**INSTRUCTIONS TO FOLLOW**
Use the entries below and reproduce exactly the lines from the one containing "Lane Bryant Women's" down to the one containing "Cartier | Modern Black Lens Sunglasses", both of them included.

[Entries taken from a collection]
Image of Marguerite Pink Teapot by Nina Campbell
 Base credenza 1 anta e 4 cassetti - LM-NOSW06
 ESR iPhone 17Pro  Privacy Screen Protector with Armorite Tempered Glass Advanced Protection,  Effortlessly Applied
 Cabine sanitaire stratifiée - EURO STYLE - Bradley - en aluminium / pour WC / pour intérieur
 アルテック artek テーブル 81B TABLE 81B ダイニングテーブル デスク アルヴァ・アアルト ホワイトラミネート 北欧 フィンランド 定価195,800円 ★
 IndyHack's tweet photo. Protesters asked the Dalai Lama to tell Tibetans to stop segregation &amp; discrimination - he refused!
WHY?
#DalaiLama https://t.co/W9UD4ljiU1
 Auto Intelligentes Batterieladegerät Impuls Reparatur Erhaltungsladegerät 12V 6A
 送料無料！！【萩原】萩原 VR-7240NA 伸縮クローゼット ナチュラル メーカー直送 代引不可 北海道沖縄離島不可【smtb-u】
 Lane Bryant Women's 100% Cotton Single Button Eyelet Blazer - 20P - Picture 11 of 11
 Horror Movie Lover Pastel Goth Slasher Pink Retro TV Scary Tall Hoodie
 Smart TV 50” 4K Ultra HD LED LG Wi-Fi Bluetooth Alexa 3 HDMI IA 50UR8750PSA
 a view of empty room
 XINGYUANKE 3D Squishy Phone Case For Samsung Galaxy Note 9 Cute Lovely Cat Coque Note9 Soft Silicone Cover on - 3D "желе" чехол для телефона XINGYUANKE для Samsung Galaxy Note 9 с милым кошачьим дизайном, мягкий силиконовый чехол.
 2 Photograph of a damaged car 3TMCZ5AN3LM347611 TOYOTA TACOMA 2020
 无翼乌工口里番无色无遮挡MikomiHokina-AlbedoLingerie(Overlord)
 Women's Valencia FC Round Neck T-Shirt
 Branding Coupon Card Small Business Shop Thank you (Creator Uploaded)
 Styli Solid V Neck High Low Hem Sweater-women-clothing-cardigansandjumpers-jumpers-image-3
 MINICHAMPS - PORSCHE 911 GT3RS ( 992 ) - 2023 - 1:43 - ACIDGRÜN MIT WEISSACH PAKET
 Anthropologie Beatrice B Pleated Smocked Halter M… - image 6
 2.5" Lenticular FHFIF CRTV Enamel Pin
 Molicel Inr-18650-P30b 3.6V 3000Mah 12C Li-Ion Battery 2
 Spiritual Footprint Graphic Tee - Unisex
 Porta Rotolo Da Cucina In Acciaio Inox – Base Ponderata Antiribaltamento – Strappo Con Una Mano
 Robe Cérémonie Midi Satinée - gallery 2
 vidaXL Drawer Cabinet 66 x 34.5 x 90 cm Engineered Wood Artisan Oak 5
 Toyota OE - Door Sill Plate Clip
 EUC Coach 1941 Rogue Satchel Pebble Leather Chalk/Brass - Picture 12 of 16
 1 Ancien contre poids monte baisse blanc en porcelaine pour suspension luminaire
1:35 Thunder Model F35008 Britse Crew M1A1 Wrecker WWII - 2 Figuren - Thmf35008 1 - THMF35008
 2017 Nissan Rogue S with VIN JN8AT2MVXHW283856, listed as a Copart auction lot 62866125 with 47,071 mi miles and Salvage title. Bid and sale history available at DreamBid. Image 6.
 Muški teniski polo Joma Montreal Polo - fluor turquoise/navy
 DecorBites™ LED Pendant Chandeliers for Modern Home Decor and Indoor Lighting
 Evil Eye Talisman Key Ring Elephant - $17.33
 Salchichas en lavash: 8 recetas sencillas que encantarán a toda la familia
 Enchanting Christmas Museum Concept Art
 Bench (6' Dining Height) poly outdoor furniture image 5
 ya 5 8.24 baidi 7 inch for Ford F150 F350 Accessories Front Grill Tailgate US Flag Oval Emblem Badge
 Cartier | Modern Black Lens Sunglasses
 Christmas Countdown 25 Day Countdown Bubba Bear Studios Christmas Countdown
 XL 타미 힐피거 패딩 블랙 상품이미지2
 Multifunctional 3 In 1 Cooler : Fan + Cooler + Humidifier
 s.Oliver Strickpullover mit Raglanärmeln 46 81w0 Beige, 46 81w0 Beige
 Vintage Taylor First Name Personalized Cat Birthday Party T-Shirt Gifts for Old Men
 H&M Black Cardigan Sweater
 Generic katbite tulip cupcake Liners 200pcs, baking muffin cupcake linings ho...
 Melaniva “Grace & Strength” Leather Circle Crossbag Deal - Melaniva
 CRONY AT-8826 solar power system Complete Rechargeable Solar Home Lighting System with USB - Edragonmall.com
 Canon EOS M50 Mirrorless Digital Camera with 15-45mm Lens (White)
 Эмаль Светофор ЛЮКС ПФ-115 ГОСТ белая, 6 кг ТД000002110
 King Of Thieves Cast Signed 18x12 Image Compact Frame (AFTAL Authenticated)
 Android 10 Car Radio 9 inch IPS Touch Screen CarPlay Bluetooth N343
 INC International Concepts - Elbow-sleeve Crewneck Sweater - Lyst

**EXERCISE RESULT**
 Lane Bryant Women's 100% Cotton Single Button Eyelet Blazer - 20P - Picture 11 of 11
 Horror Movie Lover Pastel Goth Slasher Pink Retro TV Scary Tall Hoodie
 Smart TV 50” 4K Ultra HD LED LG Wi-Fi Bluetooth Alexa 3 HDMI IA 50UR8750PSA
 a view of empty room
 XINGYUANKE 3D Squishy Phone Case For Samsung Galaxy Note 9 Cute Lovely Cat Coque Note9 Soft Silicone Cover on - 3D "желе" чехол для телефона XINGYUANKE для Samsung Galaxy Note 9 с милым кошачьим дизайном, мягкий силиконовый чехол.
 2 Photograph of a damaged car 3TMCZ5AN3LM347611 TOYOTA TACOMA 2020
 无翼乌工口里番无色无遮挡MikomiHokina-AlbedoLingerie(Overlord)
 Women's Valencia FC Round Neck T-Shirt
 Branding Coupon Card Small Business Shop Thank you (Creator Uploaded)
 Styli Solid V Neck High Low Hem Sweater-women-clothing-cardigansandjumpers-jumpers-image-3
 MINICHAMPS - PORSCHE 911 GT3RS ( 992 ) - 2023 - 1:43 - ACIDGRÜN MIT WEISSACH PAKET
 Anthropologie Beatrice B Pleated Smocked Halter M… - image 6
 2.5" Lenticular FHFIF CRTV Enamel Pin
 Molicel Inr-18650-P30b 3.6V 3000Mah 12C Li-Ion Battery 2
 Spiritual Footprint Graphic Tee - Unisex
 Porta Rotolo Da Cucina In Acciaio Inox – Base Ponderata Antiribaltamento – Strappo Con Una Mano
 Robe Cérémonie Midi Satinée - gallery 2
 vidaXL Drawer Cabinet 66 x 34.5 x 90 cm Engineered Wood Artisan Oak 5
 Toyota OE - Door Sill Plate Clip
 EUC Coach 1941 Rogue Satchel Pebble Leather Chalk/Brass - Picture 12 of 16
 1 Ancien contre poids monte baisse blanc en porcelaine pour suspension luminaire
1:35 Thunder Model F35008 Britse Crew M1A1 Wrecker WWII - 2 Figuren - Thmf35008 1 - THMF35008
 2017 Nissan Rogue S with VIN JN8AT2MVXHW283856, listed as a Copart auction lot 62866125 with 47,071 mi miles and Salvage title. Bid and sale history available at DreamBid. Image 6.
 Muški teniski polo Joma Montreal Polo - fluor turquoise/navy
 DecorBites™ LED Pendant Chandeliers for Modern Home Decor and Indoor Lighting
 Evil Eye Talisman Key Ring Elephant - $17.33
 Salchichas en lavash: 8 recetas sencillas que encantarán a toda la familia
 Enchanting Christmas Museum Concept Art
 Bench (6' Dining Height) poly outdoor furniture image 5
 ya 5 8.24 baidi 7 inch for Ford F150 F350 Accessories Front Grill Tailgate US Flag Oval Emblem Badge
 Cartier | Modern Black Lens Sunglasses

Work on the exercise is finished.